June is for....justifying each plant in its place.

By now, everything that’s survived the winter should have broken ground and be actively growing, giving us a chance to survey what’s too crowded, what’s just right, and where the blank spots are in our landscape.

It’s become apparent the white-edged Solomon Seal, polygonatum variegatum, needs to be transplanted after growing much larger than I anticipated.

Since it seems to do well in dry shade, I plan to move four struggling azaleas to a moister site where they will get more sun and replace them with the Solomon Seal, which dangles 1-inch white flowers along its arching stems in spring. Both in flower and out, this nice plant makes a great “filler” for floral arrangements.

I’m not sure when the best time to transplant Solomon Seal is, but this could be a clue: it’s offered in the fall Wayside Garden catalog. Being 30 inches tall, I would cut back the plants before moving them to concentrate the action below ground instead of above it.

Talk about spreading! Valerie Swanson warned me about gooseneck loosestrife -- its nodding white flower heads arch over like a goose’s neck -- but I bought it anyway. Now it’s coming up everywhere in that border and will meet Mr. Roundup shortly.

They are hybridizing more well-behaved forms of loosestrife (lysimachia) like the variegated yellow-flowered “Alexander,” which promises to be “a vigorous grower but not invasive.”

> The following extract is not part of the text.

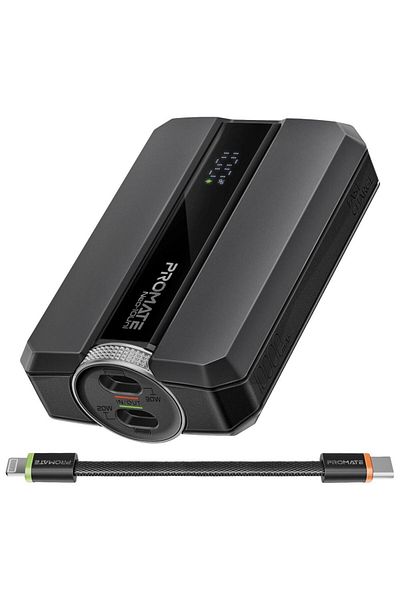 Promate 10000mAh Compact Portable Battery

Gooseneck loosestrife reminds me of the multi-colored chameleon plant (houttuynia) with the licorice smell; catalogs tout its striking foliage and say it “grows vigorously.” That’s putting it mildly. I’m still pulling that stuff out everywhere after six years.

Words like “spreads by underground runners” really get my attention now. I picked up a lovely rose dotted bellflower, campanula punctata “Elizabeth” at a local garden center, but when I read it “forms a large colony,” I put it back until I learn more about it.

There are places in some of our gardens for these special plants, to be sure. We just need to be better educated in choosing where we locate them. It’s often recommended to place aggressive plants in large pots and sink the pots into the ground, leaving the lip well above the soil line.

Porter County Cooperative Extension Educator Dave Yeager said this year’s local strawberry crop was the “best we’ve ever had, and the sweetest.” That’s the good news. The soybeans and corn are barely growing, and the tomatoes, peppers, melons, green beans and cucumbers aren’t doing well, either.

"We need heat and 70 degree nights. We don’t even have 70 degree days. Even 60 degree nights would be nice,” said Dave.

Cool-season crops such as cabbage, onions and peas like the recent chill, however, tomato plants can be injured if temperatures dip below 44 degrees. Also impacted are lawns, which are growing too rapidly in the rain and losing their desired dark green color. Application of sulfur-coated urea with nitrogen should help, advised Dave.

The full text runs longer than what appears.